Calcula-se que ele tenha serviço mais de meio milhão de chopes

Edison Veiga

10 Fevereiro 2017 | 19h25

Foto: Jonne Roriz/ Estadão

Foto: Jonne Roriz/ Estadão

Morreu na tarde de quinta (9), aos 95, o garçom Luiz de Oliveira. Durante 55 anos ele trabalhou no Bar Leo, no centro da cidade. Ao longo de sua carreira, serviu personalidades como o cantor Sílvio Caldas, o presidente Jânio Quadros e o jornalista Vladimir Herzog.

Nos anos 1990, ele chegou a se aposentar da labuta. Acabou voltando atrás cerca de seis meses depois, depois de negociar um benefício com os patrões: um táxi para buscá-lo diariamente de casa para o trabalho – e levá-lo de volta ao fim do expediente. Ele morava na Pompeia.

Antes do Bar Léo, Seu Luiz trabalhou na lanchonete Salada Paulista, que funcionava na Avenida Ipiranga. Ali ele serviu o ícone da esquerda Che Guevara, quando este visitou o Brasil em 1961.

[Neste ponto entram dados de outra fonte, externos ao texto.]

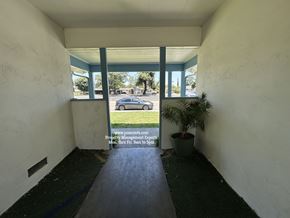 Stockton apartment for rent - A sign in the window of a building advertises property management services.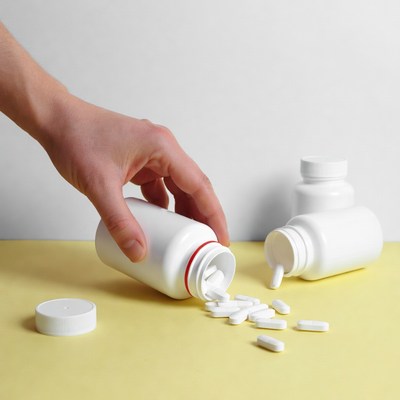 Hand pouring pills from white bottle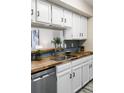 Contemporary kitchen features butcher block countertops, white cabinets, and stainless dishwasher at 3600 S Pierce St # 7-201, Denver, CO 80235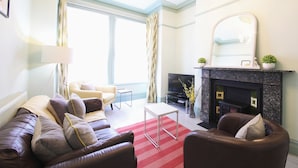 A living room with a fireplace, a sofa set, a television, and a large window.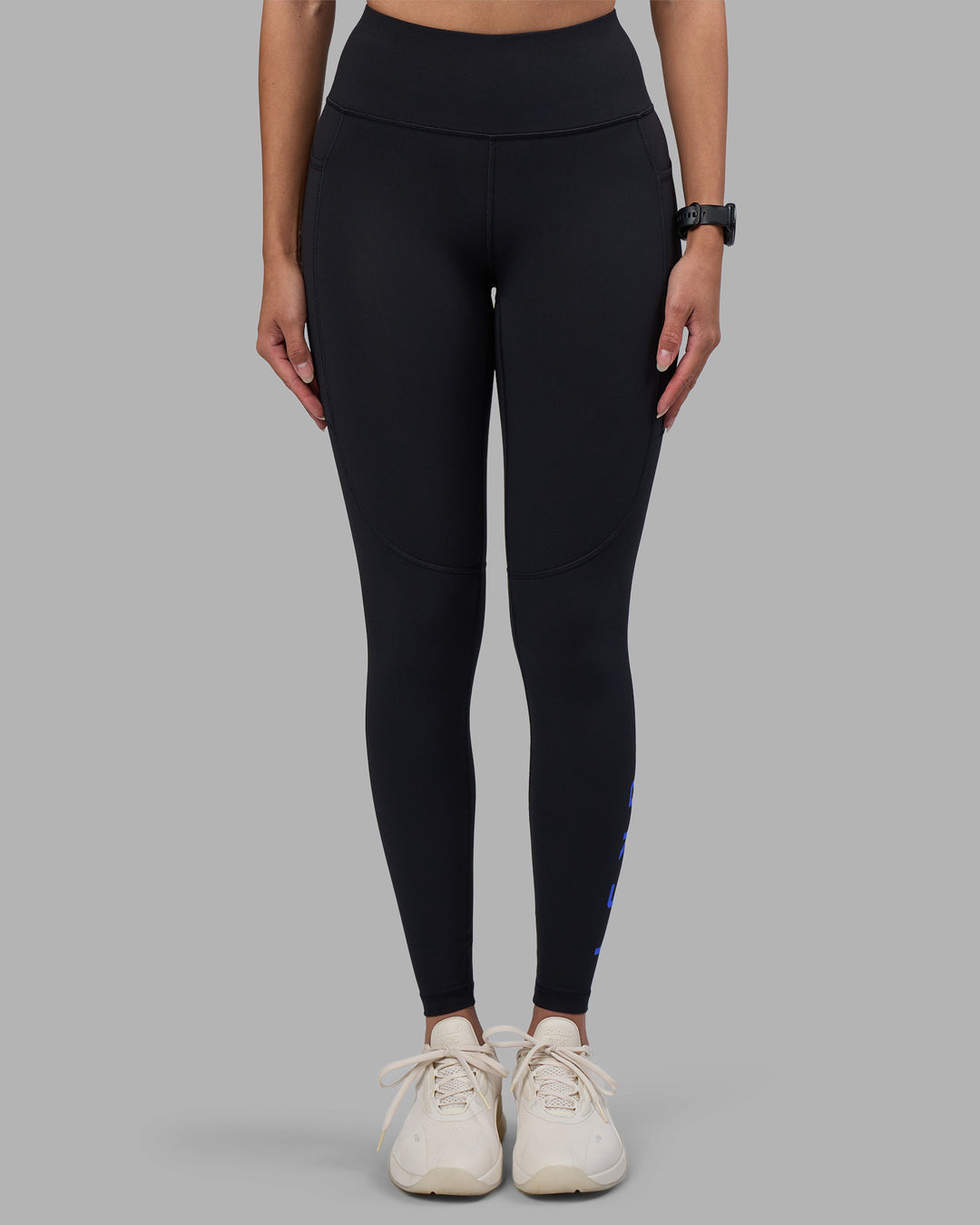 Woman wearing Rep Ultra High-Rise Full Length Legging Pockets - Black-Power Cobalt | Model:Rhiley | Size:S - view 3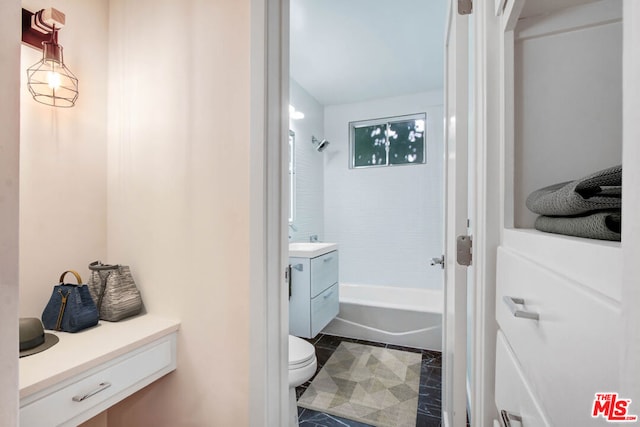 full bathroom with toilet, vanity, tile patterned floors, and tiled shower / bath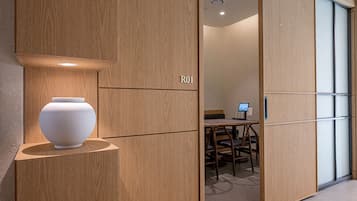 A modern interior with a wooden partition labeled 'R01', a white vase on a shelf, and a desk with a computer monitor.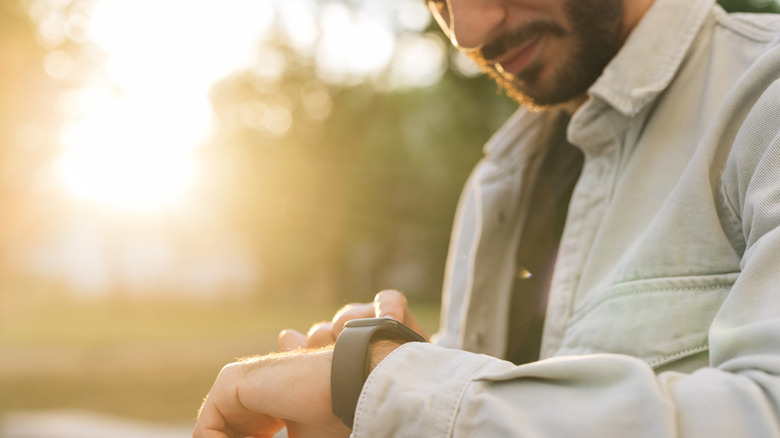 Man looking at watch
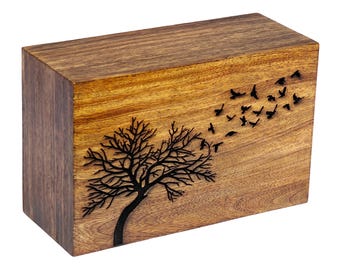 Può includere: Una scatola di legno con un albero e uccelli intagliati nella parte superiore. L'albero è spoglio e gli uccelli stanno volando via. La scatola è di colore marrone scuro.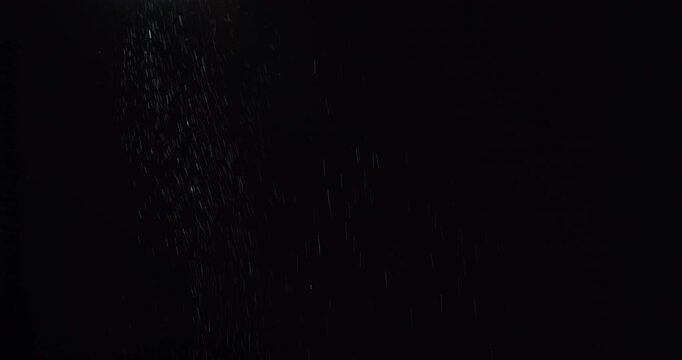 Water drizzle. Light snow. Defocused white color particles sparkles humid frost texture floating on dark black abstract art background.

Em nota divulgada por sua assessoria de imprensa, o Bar Leo frisou que ele “foi o garçom mais antigo da capital e atendeu importantes personalidades”. “Serviu mais de meio milhão de chopes em sua vida e se recusava a trazer a versão sem colarinho (assim como o famoso canapé da casa sem mostarda)”, ressaltou o comunicado. “O Bar Leo agradece imensamente pelo profissionalismo, dedicação, lealdade, competência e sensibilidade.”